* **WHAT YOU WILL DO**:
Output the listing word for word, minus images.

* **DATA EXCERPT**:
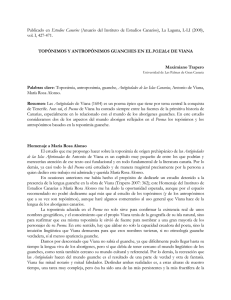 «Topónimos y antropónimos guanches en el «Poema» de Viana»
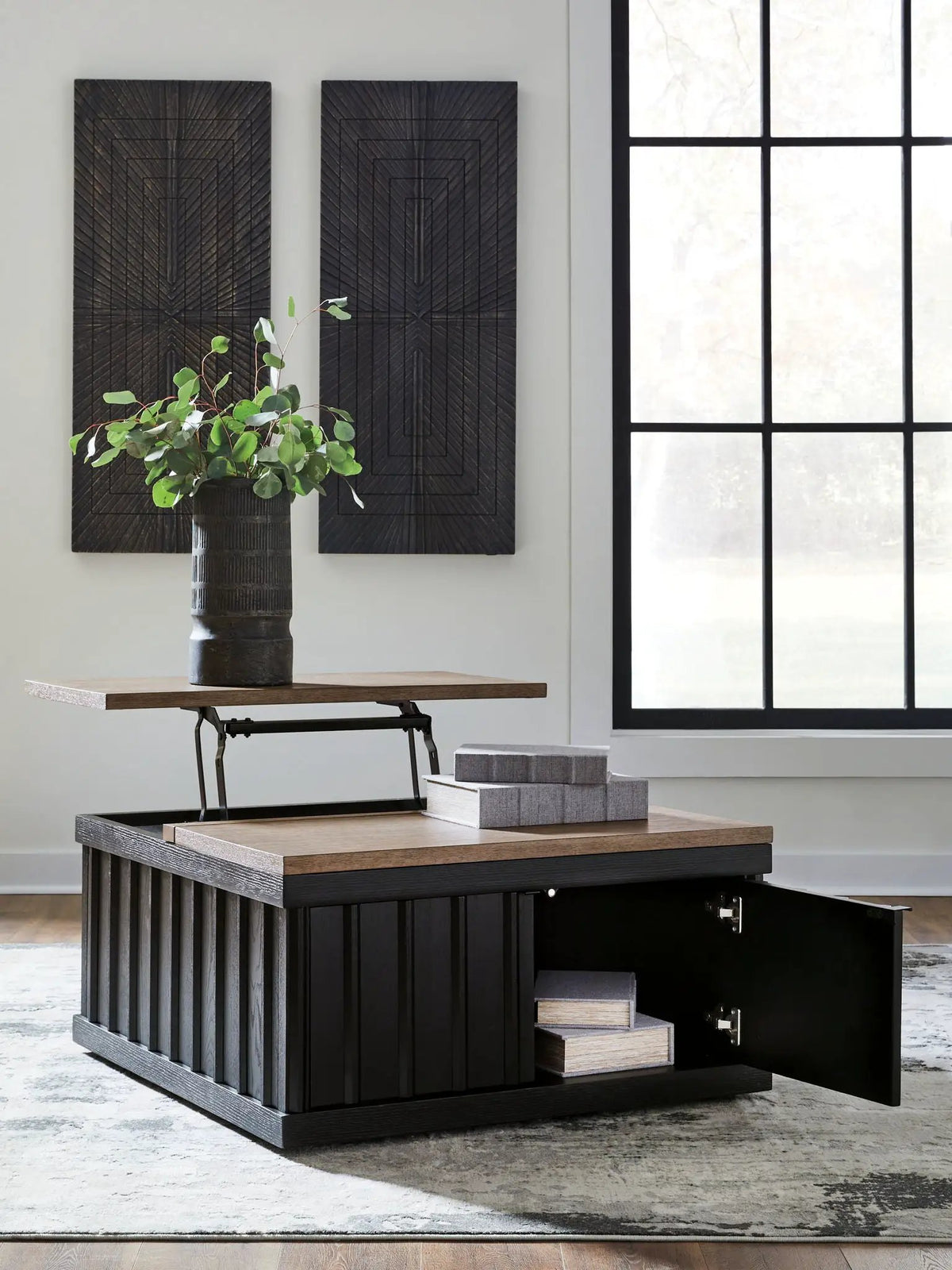 Rylandyn Lift Top Cocktail Table | Black And Light Brown | 36 Inch Square | Door Storage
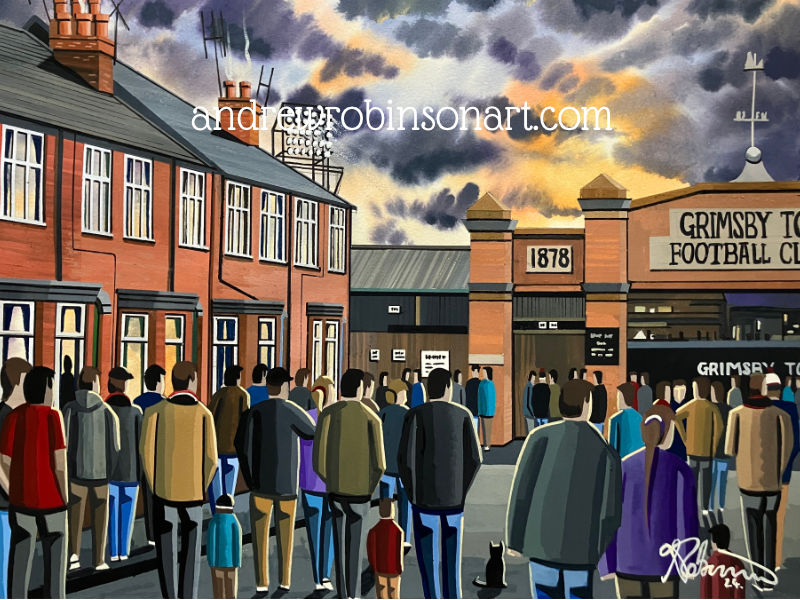 Thumbnail: Grimsby Town FC Blundell Park football stadium scene by artist Andrew Robinson andrewrobinsonart.com. Available in fine art print, poster, canvas prints and mugs etc 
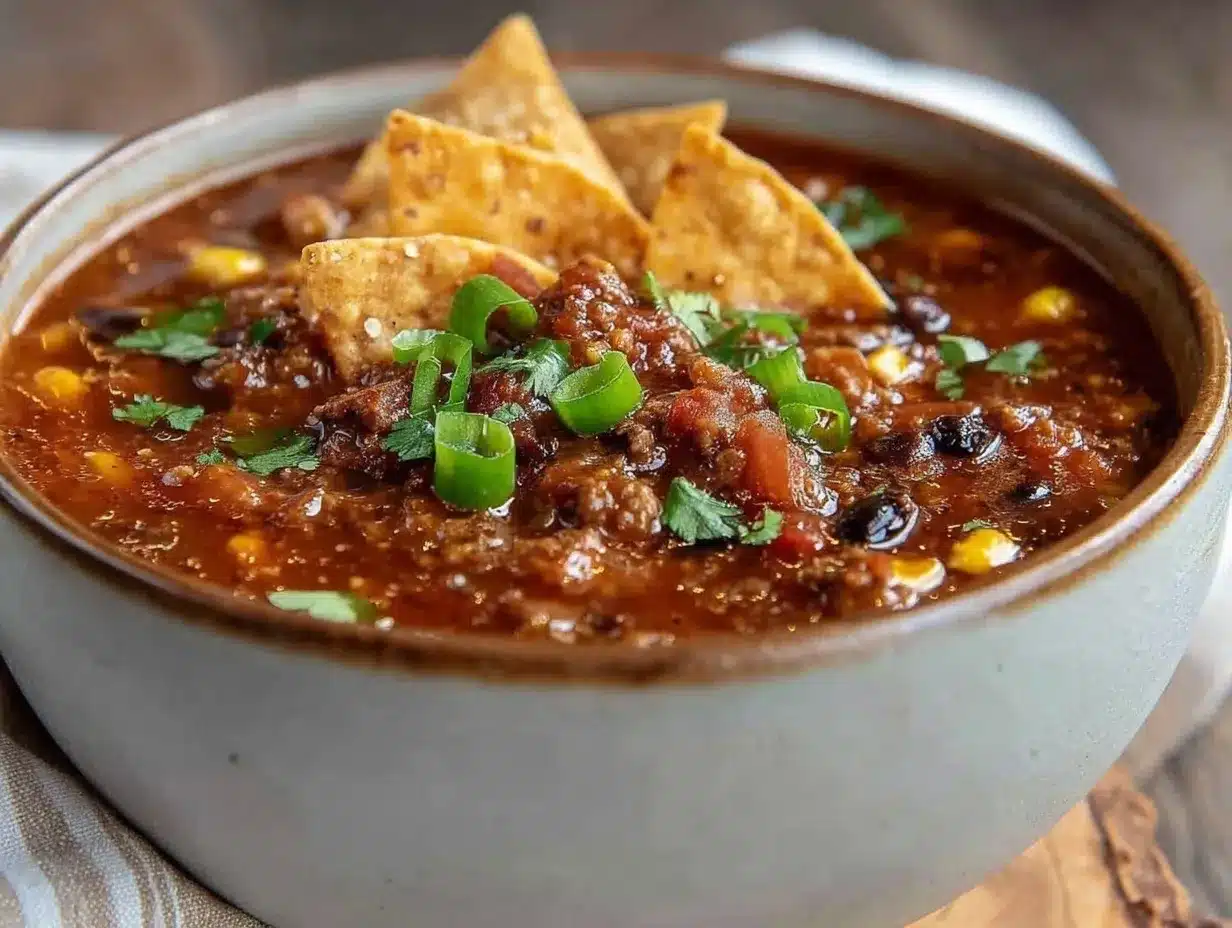 hearty beef taco soup preparation steps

* **PROBLEM SOLUTION**:
 «Topónimos y antropónimos guanches en el «Poema» de Viana»
 Rylandyn Lift Top Cocktail Table | Black And Light Brown | 36 Inch Square | Door Storage
 Thumbnail: Grimsby Town FC Blundell Park football stadium scene by artist Andrew Robinson andrewrobinsonart.com. Available in fine art print, poster, canvas prints and mugs etc 
 hearty beef taco soup preparation steps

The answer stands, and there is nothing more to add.